People are not fooled by bad politicians; they are fooled by those who sound convincing.
The issue is how easily people are impressed by him. He speaks well, uses structured arguments, has a confident tone and the ability to sound certain.
For many, that is enough. Once a politician sounds convincing, scrutiny drops, and that is where standards collapse.
Politics does not reward those who sound right. It exposes who can hold a position when pressure builds.
Parti Bersama Malaysia (Bersama) is being presented as something new. It is not.

The same voters are being contested under a different label. Nothing expands, and the ground remains the same.
This is not a new force; it is a rearrangement. That sets the limit rather than entering new territory, and it is competing within an already crowded one.
Where was this version of Rafizi?
Rafizi is most effective when he is outside the system; that is where his strength lies - narrative, commentary, and positioning. The current phase shows it clearly.
Which brings a simple question. Where was this version of him when he had power?
The loudest version of Rafizi appeared after leaving office, through podcasts and controlled platforms. That contrast matters.
Does sitting in a studio solve the rakyat’s problems? Or is it an echo chamber where a few voices decide what millions supposedly need?

Power is not about speaking after the fact. It is about acting when responsibility is real.
The second issue is consistency.
Setbacks are routine. Losing internal polls is not unusual. What matters is what follows.
Stay and rebuild, or leave and restart. That decision defines credibility.
Starting again is easy. It comes with attention, curiosity, and expectations. There is no burden yet.
Staying is harder because it removes the option to avoid accountability.
So the question is not complicated.
When pressure builds again, what happens? Another exit?

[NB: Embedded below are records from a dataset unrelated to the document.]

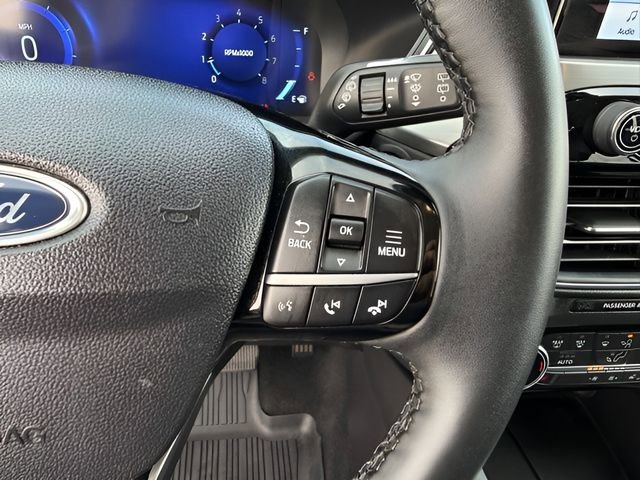 Certified 2022 Ford Escape Titanium w/ Class II Trailer Tow Package image 25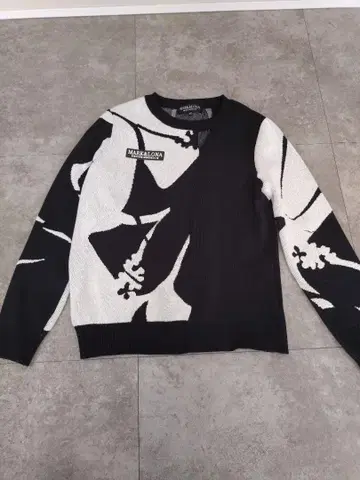 MARK&LONA 아트 프린트 니트 40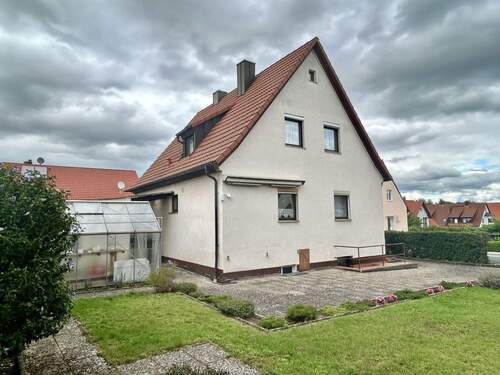 Blick vom Garten - 6 Zimmer Einfamilienhaus in Dormitz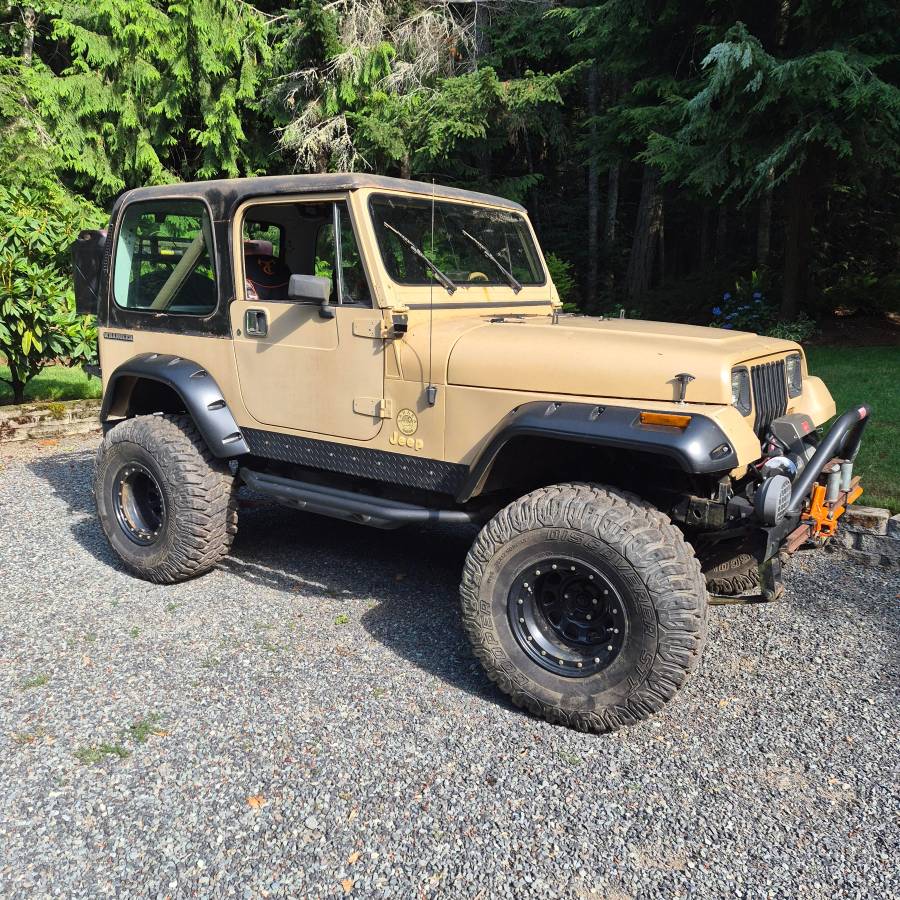 Jeep-Wrangelr-sahara-1988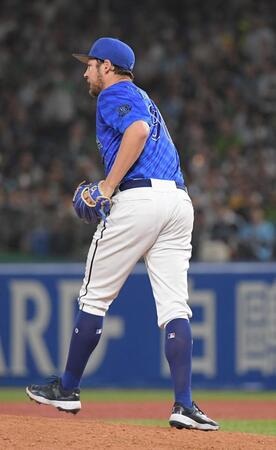 　５回、武岡を空振り三振に斬り、ソードセレブレーションをするバウアー（撮影・佐藤厚）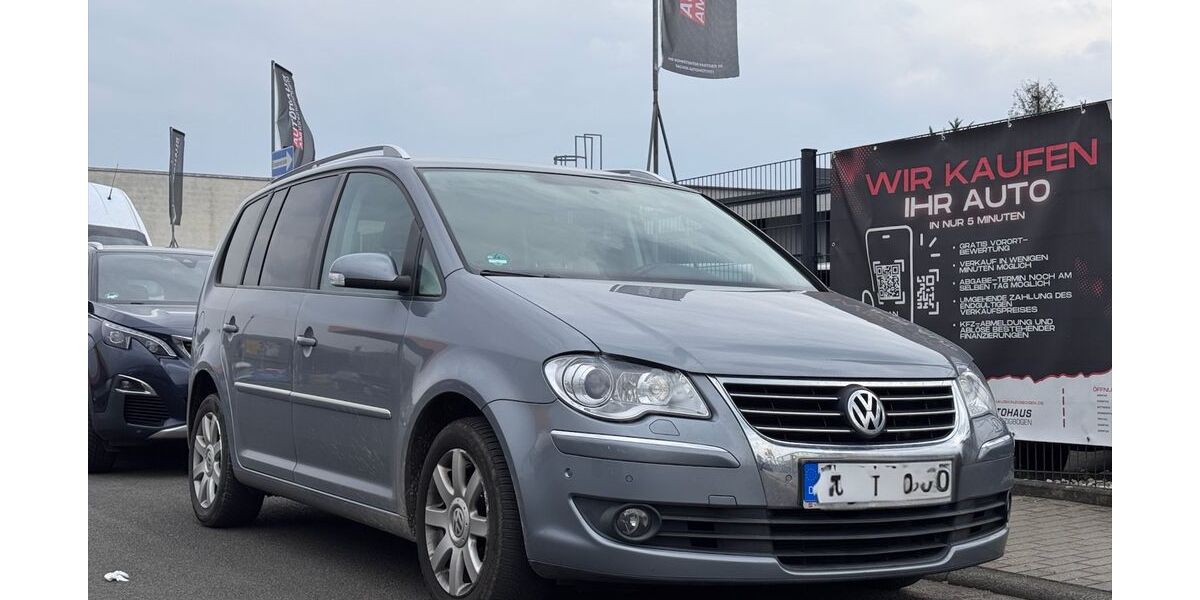 VW Touran 223.927 km 3.290 &euro; Maintal 63477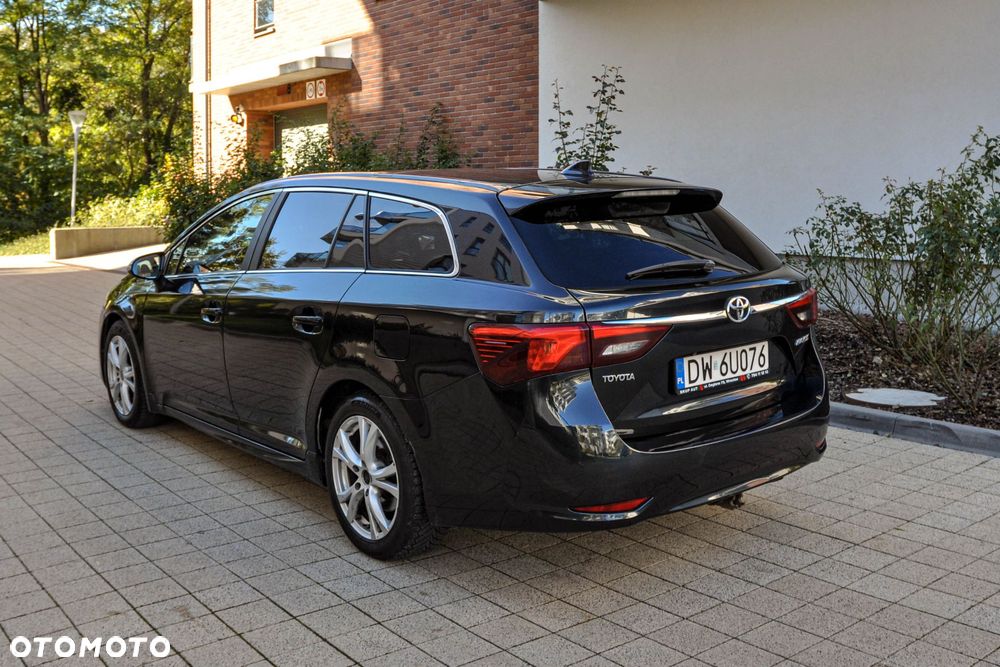Toyota Avensis 2015 photo 3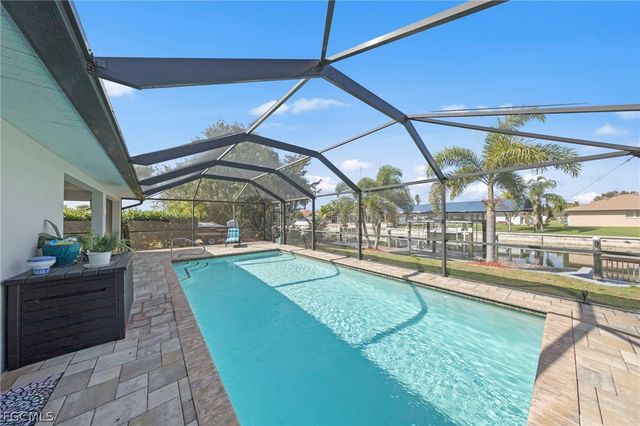 126 SE 15th PL, Cape Coral, FL 33990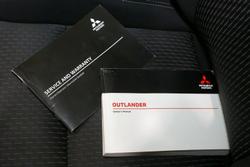 2022 Mitsubishi Outlander LS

Another reset?
So what actually changed?
Then comes the familiar move. When things go wrong, blame moves upward. Point at the prime minister. Point at the system.
But at that time, he was inside the same system, holding one of the most powerful positions. So what was actually done?

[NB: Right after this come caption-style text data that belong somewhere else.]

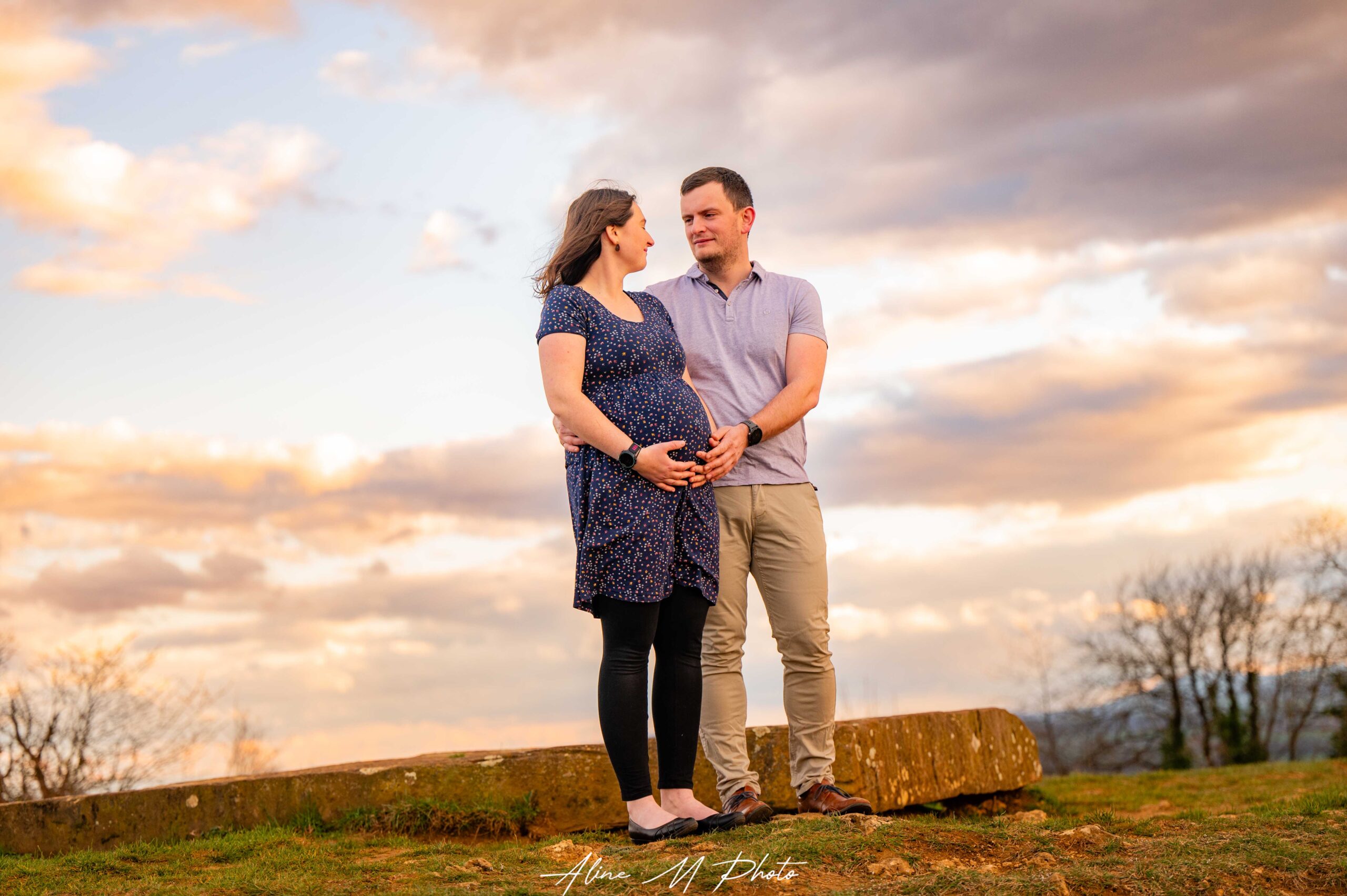 photo photographie grossesse nature naturel alsace lorraine naturel paysage douceur simplicité extérieur naturelle animaux simple chien dehors studio famille enfant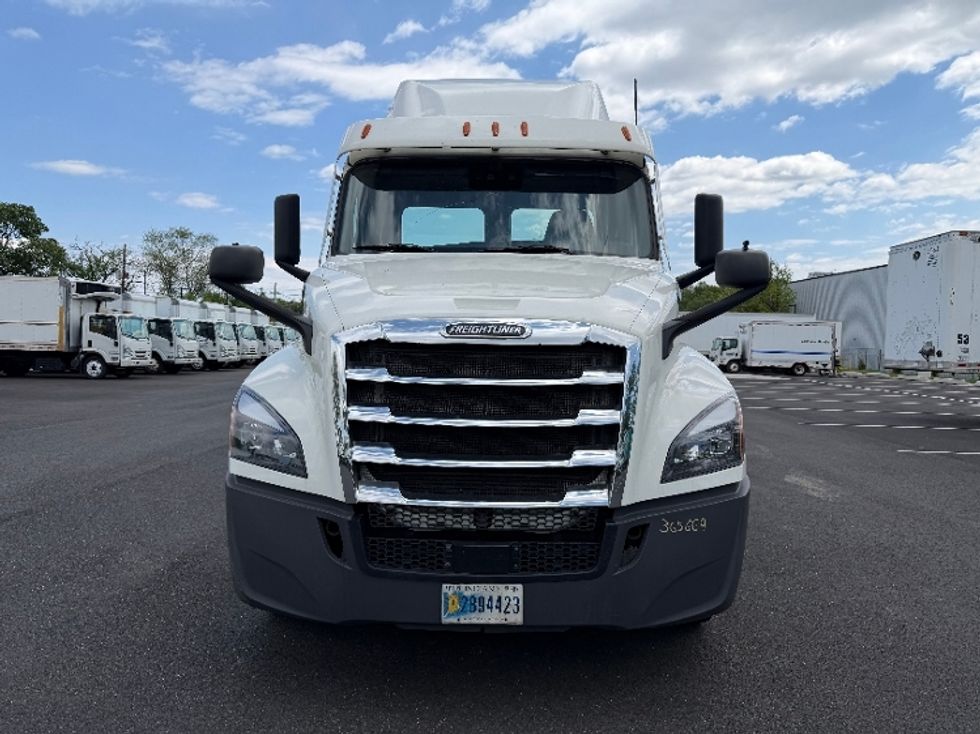 Day Cab Tractor-Heavy Duty Tractors-Freightliner-2020-T12642ST-South Plainfield-NJ-558,956\n\t\tmiles-$ 23,500 - Image 1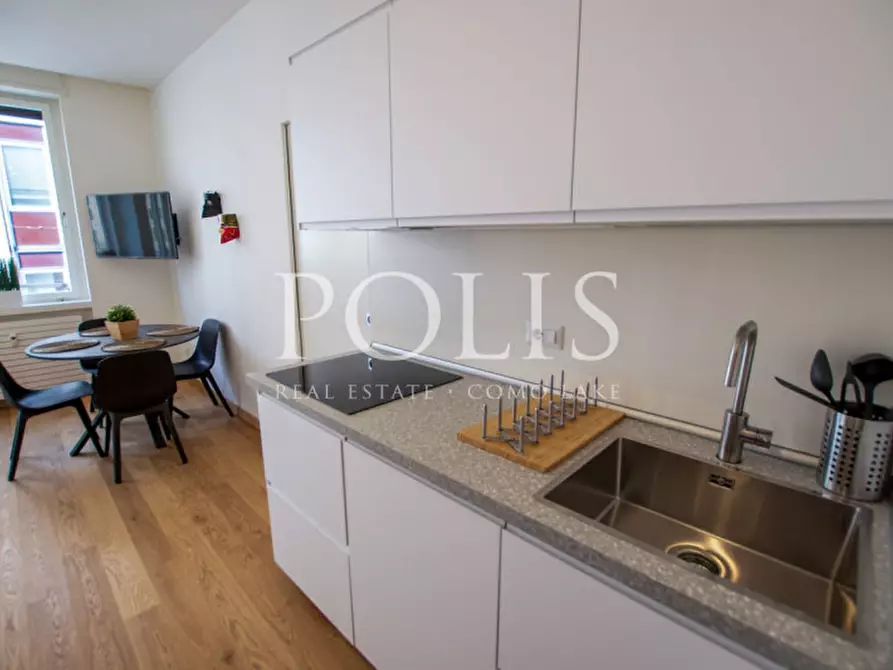 Immagine 5 di Appartamento in vendita  in VIA FLORIO DA BONTA' a Como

You cannot be inside the machine and later speak as if you were separate from it. That is not accountability; that is positioning.
The same applies to claims about racial tension. If the system was weak, there was power to strengthen it. Explaining it after leaving is easier than fixing it while responsible.
Confidence is often mistaken for capability, and clarity is mistaken for control. They are not the same.
Speaking after losing power is easy, but acting when in power is the test.
So before accepting the idea of something new, ask the only question that matters.
What has actually changed? Not the tone or the delivery, but the substance.
Because in politics, starting is easy. Most can start, but very few can last. - Mkini
MAHATHIR MOHD RAIS is a former Federal Territories Bersatu and Perikatan Nasional secretary. He is now a PKR member.
The views expressed here are those of the author/contributor and do not necessarily represent the views of MMKtT.